## Directions for this task
Please print nothing but the lines from the one with "aortic dissection" to the last line of the records below, and omit pictures.

━━━━━ Records shown

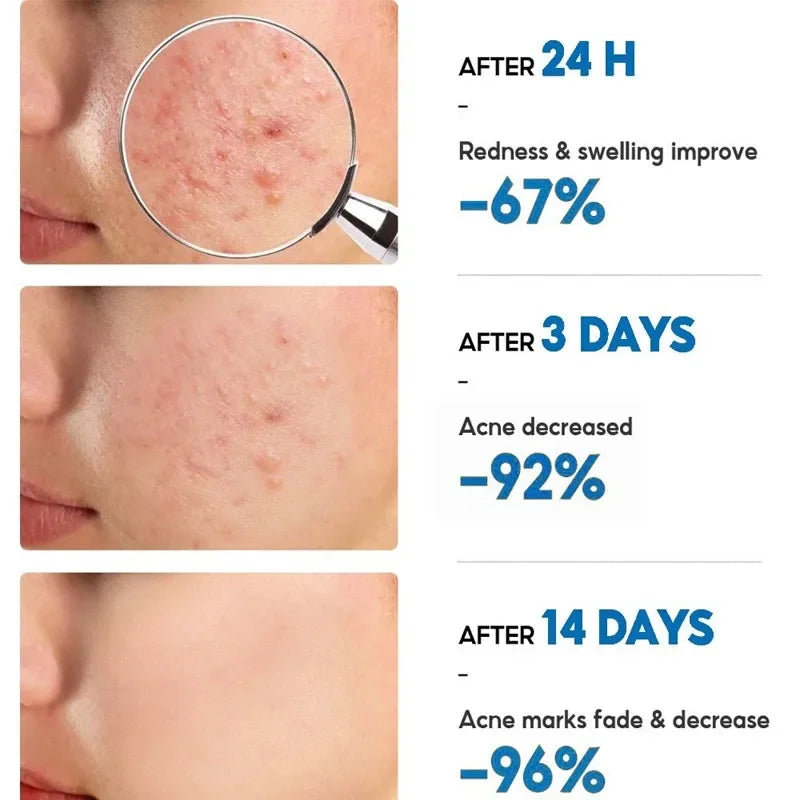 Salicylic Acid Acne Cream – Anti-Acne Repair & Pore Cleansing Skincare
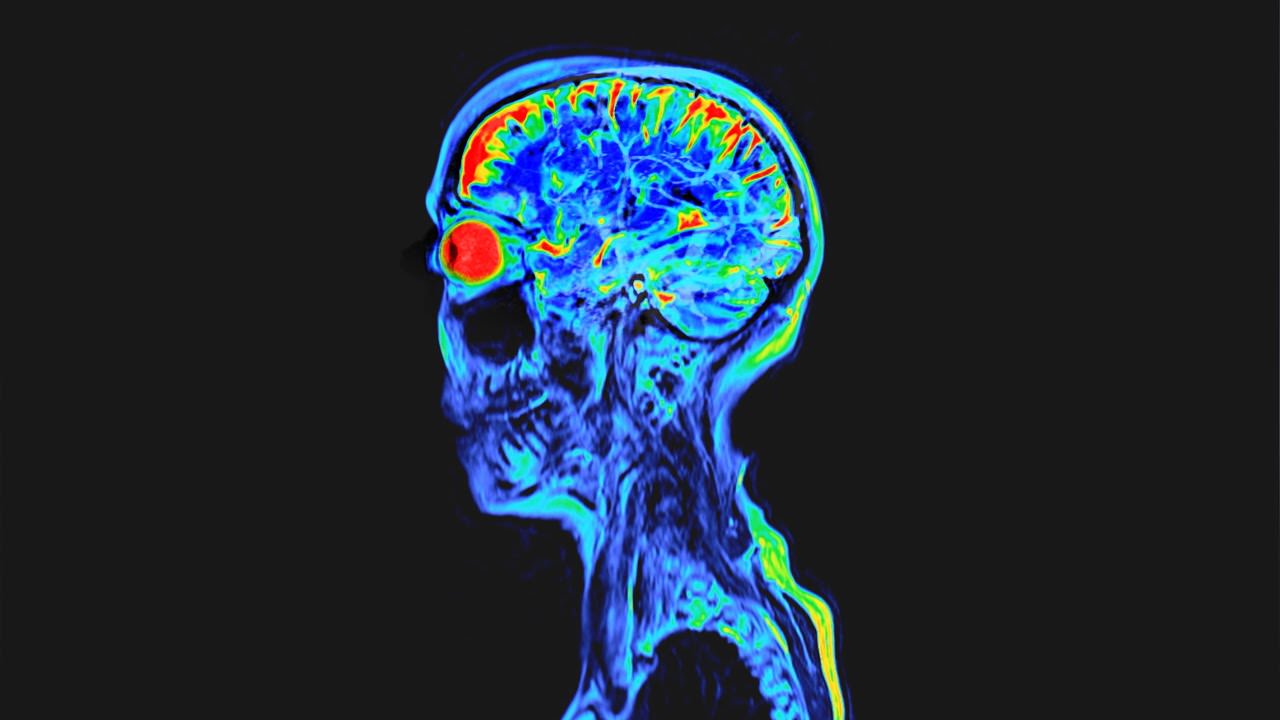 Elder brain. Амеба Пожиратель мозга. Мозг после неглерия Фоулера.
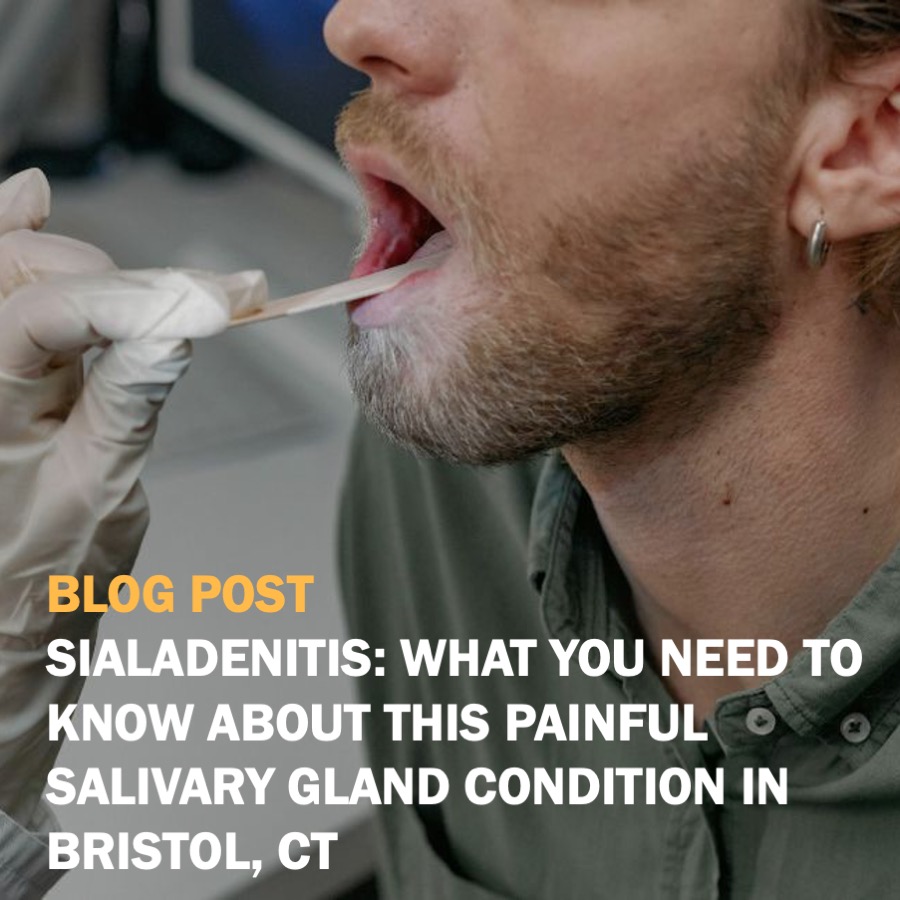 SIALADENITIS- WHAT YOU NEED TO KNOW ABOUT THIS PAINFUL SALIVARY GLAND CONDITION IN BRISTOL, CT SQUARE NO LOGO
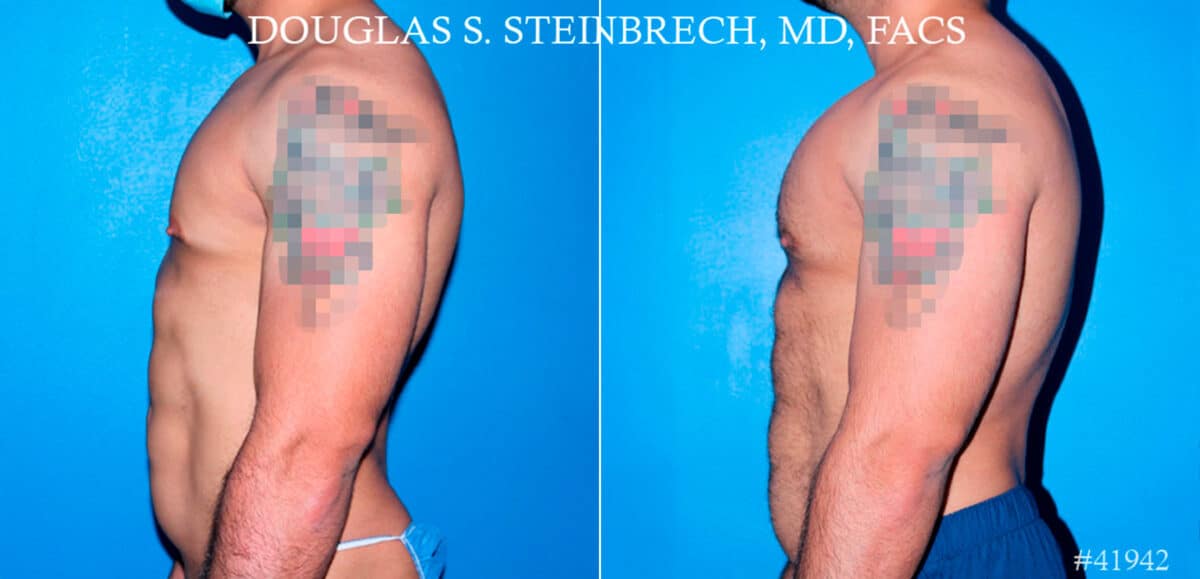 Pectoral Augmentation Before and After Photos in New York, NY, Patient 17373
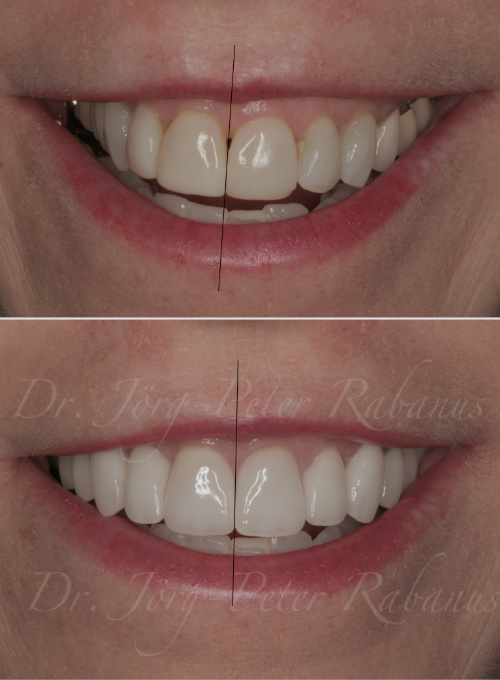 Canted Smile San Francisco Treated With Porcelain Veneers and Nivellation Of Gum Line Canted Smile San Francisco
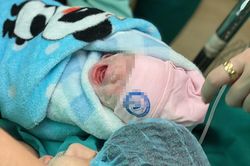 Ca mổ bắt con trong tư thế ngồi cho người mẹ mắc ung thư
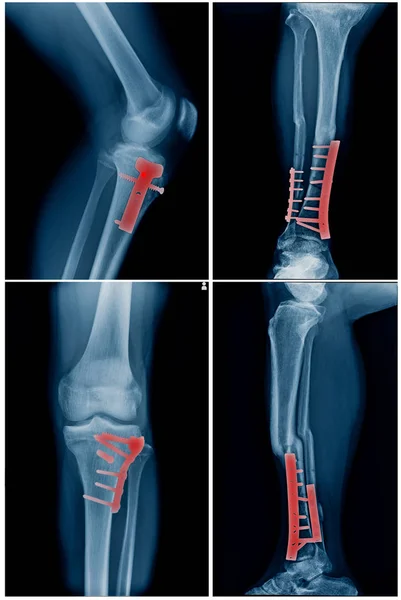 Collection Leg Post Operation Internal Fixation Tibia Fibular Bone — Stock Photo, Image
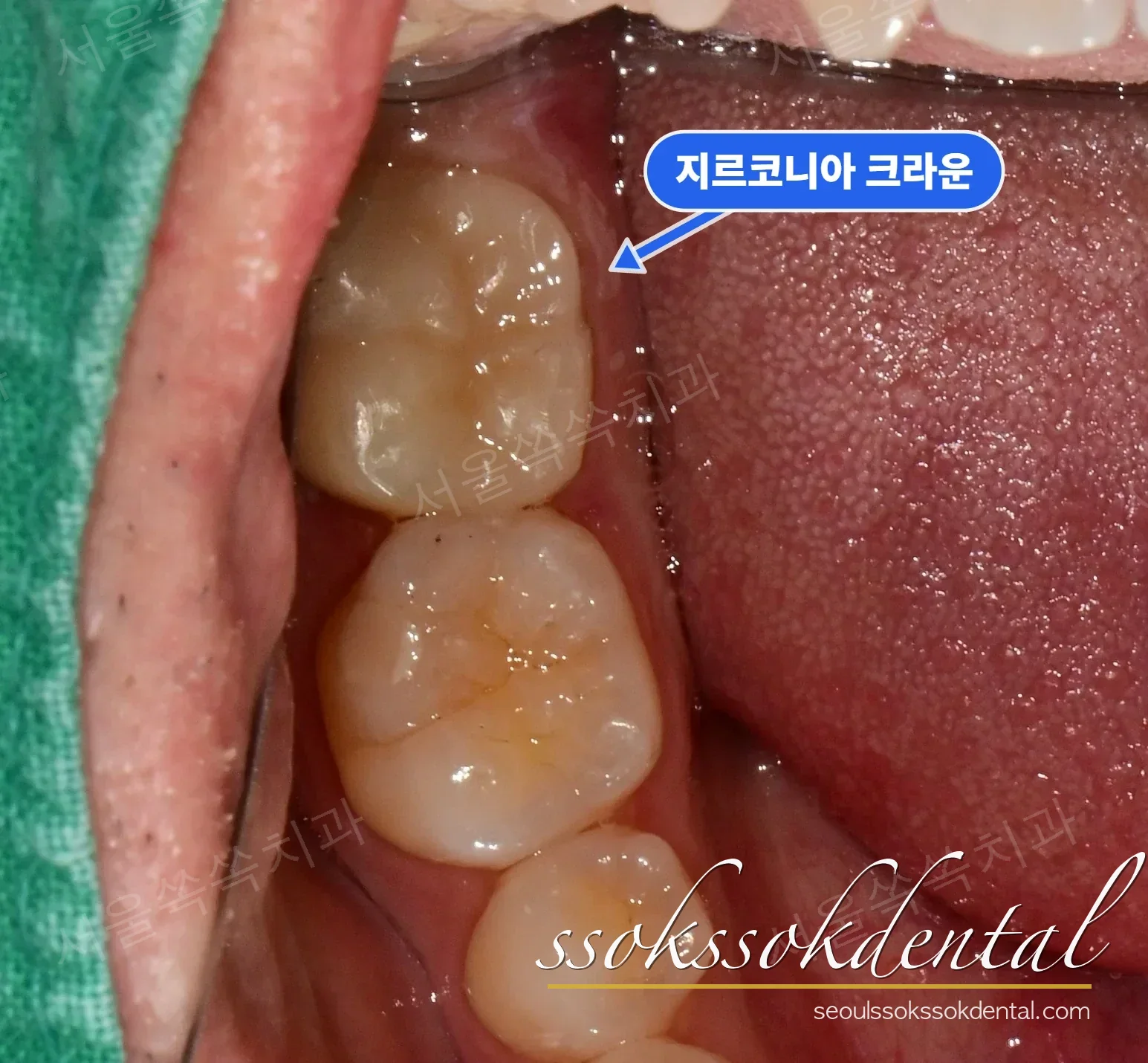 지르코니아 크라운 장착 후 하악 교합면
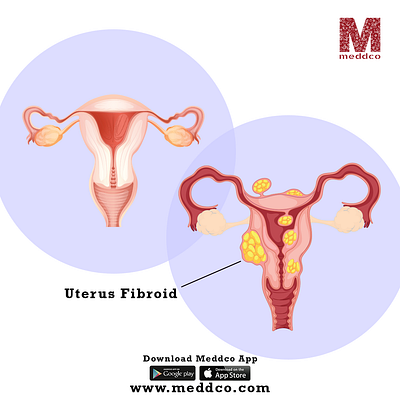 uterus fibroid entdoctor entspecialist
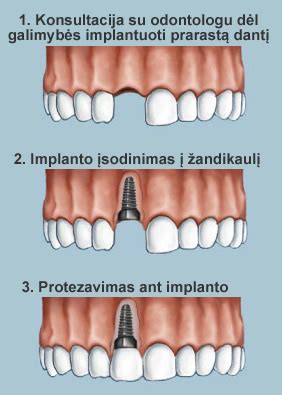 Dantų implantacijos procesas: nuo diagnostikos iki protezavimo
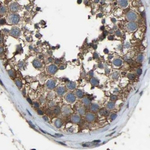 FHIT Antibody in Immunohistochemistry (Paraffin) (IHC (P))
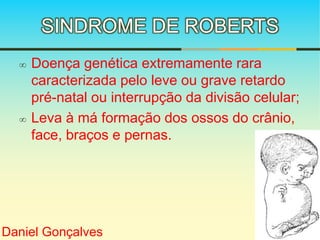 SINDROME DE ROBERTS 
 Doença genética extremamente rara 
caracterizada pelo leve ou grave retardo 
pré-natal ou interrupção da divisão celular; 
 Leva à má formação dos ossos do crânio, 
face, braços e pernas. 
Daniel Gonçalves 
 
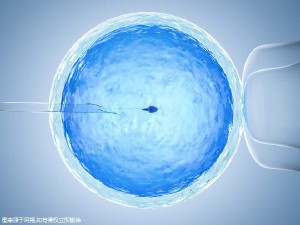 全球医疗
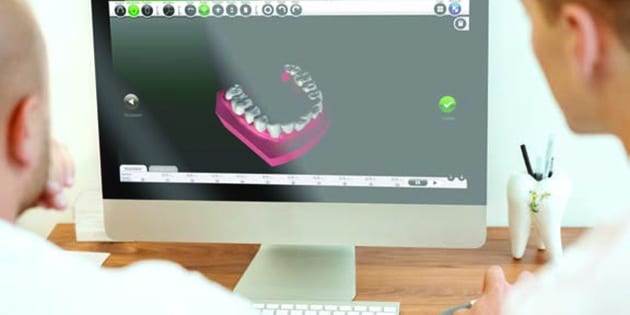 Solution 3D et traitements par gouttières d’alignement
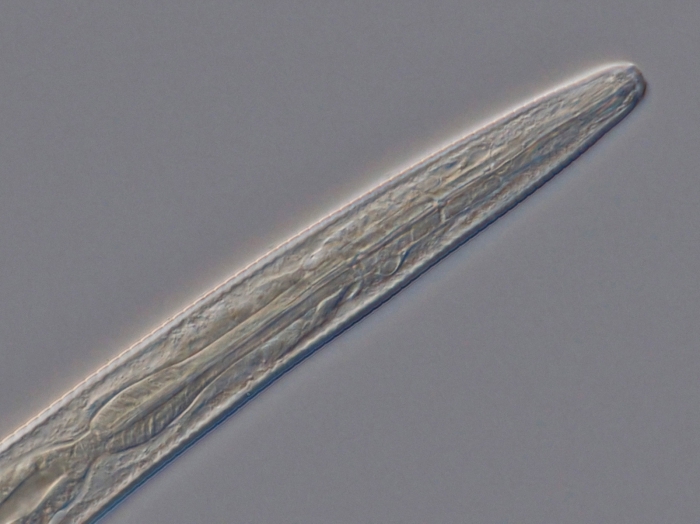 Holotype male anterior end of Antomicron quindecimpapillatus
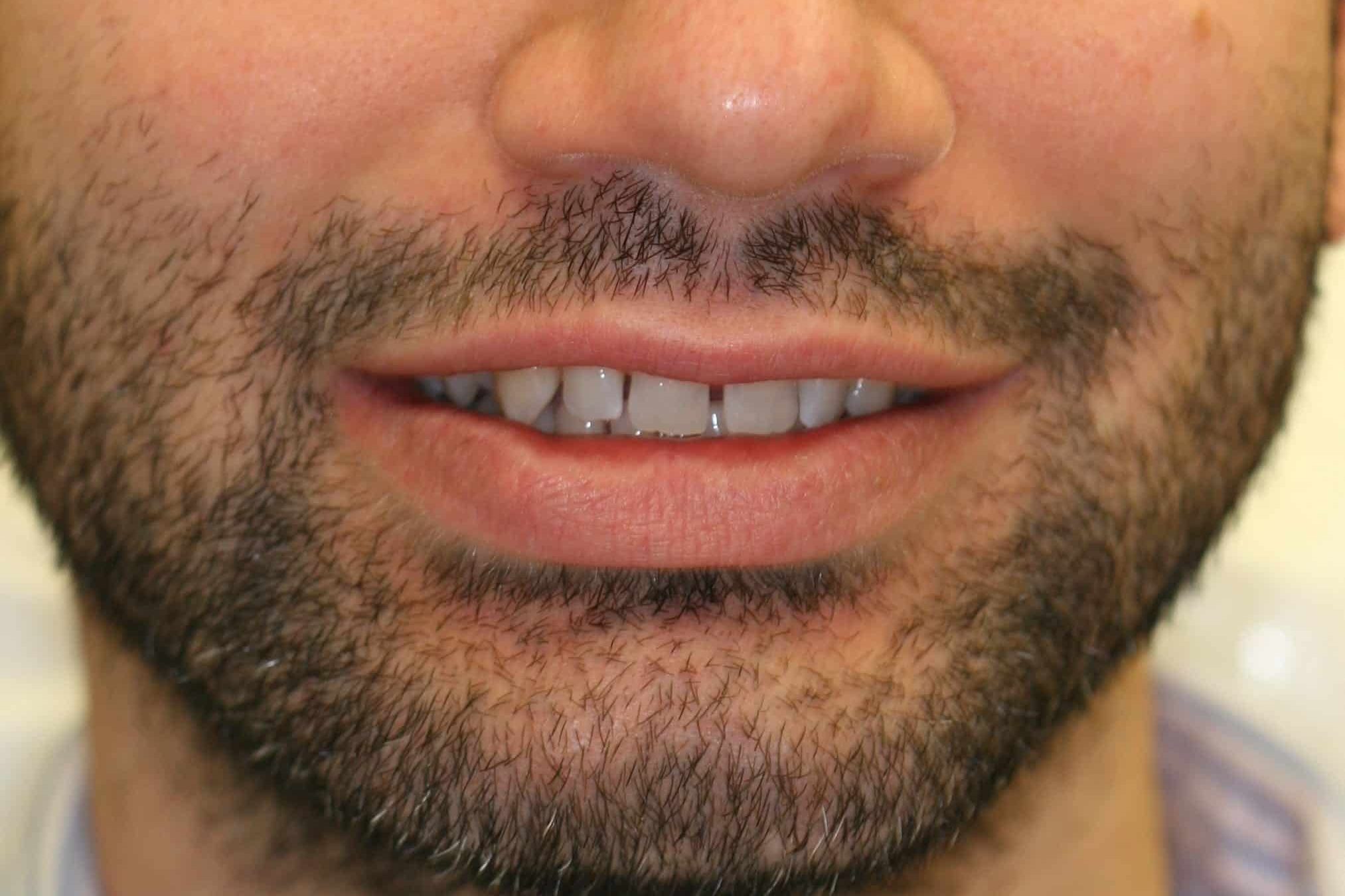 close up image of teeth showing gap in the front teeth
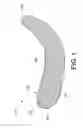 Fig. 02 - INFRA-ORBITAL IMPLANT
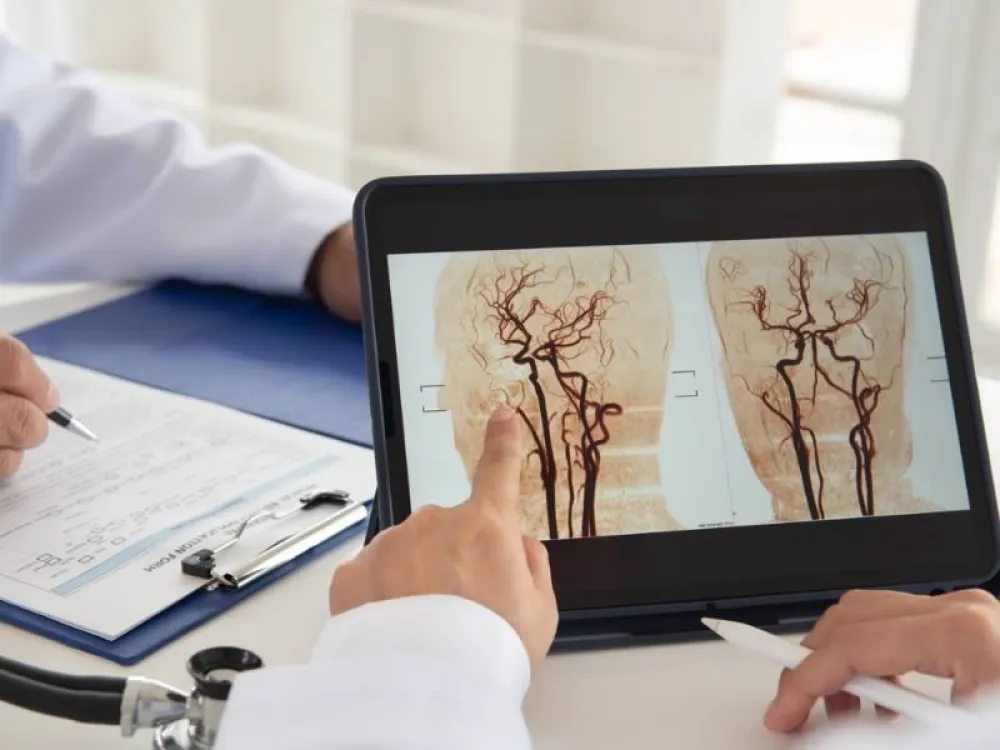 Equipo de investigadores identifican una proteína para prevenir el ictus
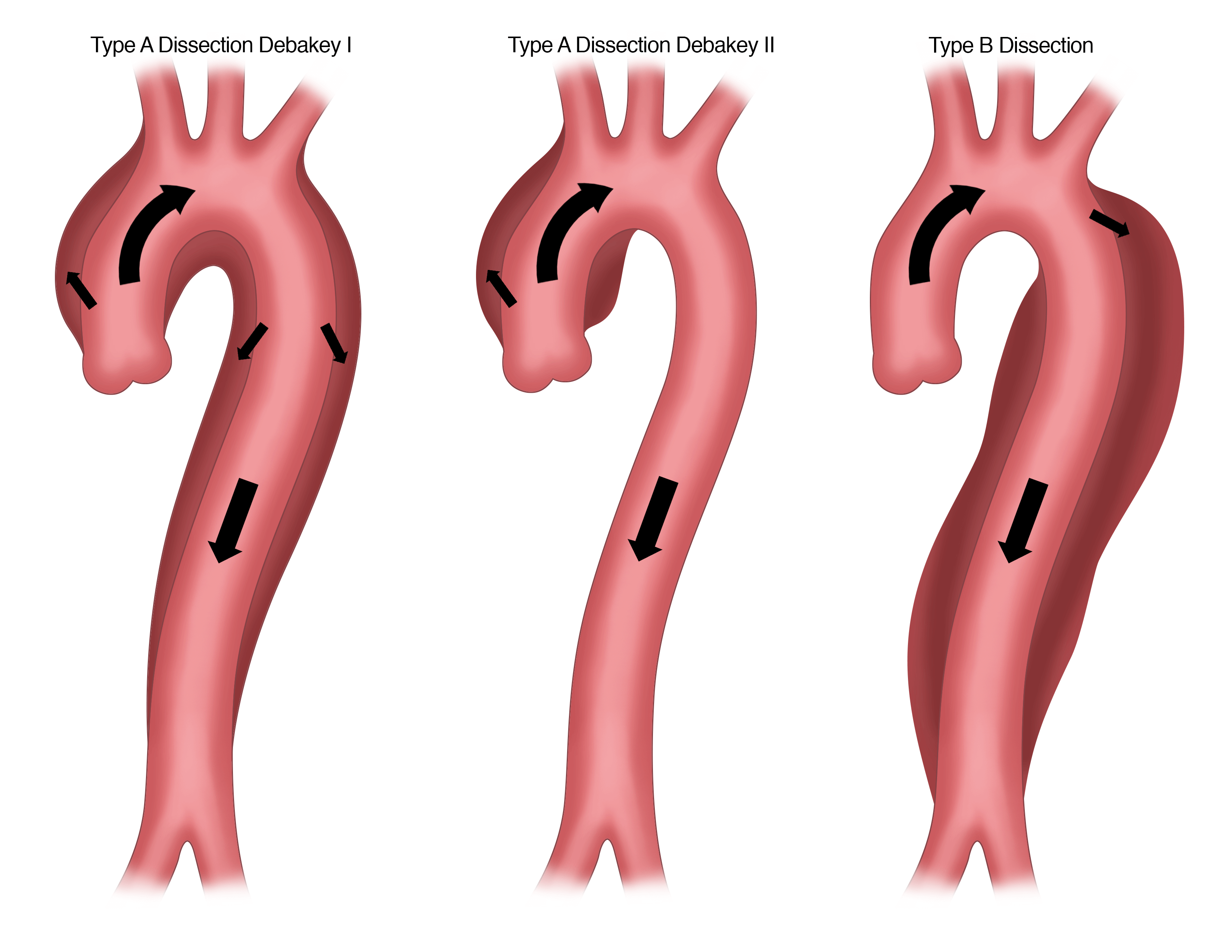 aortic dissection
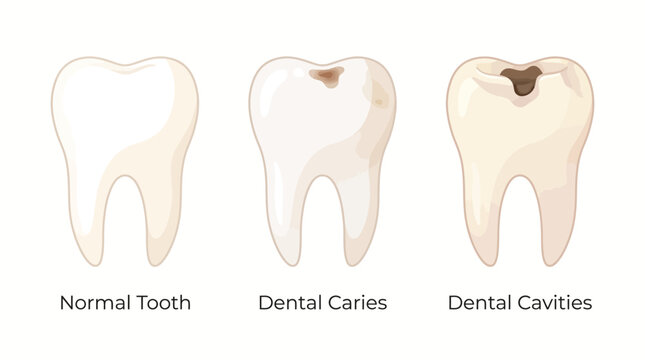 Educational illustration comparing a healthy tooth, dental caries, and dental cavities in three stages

━━━━━━━━━━

## Expected answer
 aortic dissection
 Educational illustration comparing a healthy tooth, dental caries, and dental cavities in three stages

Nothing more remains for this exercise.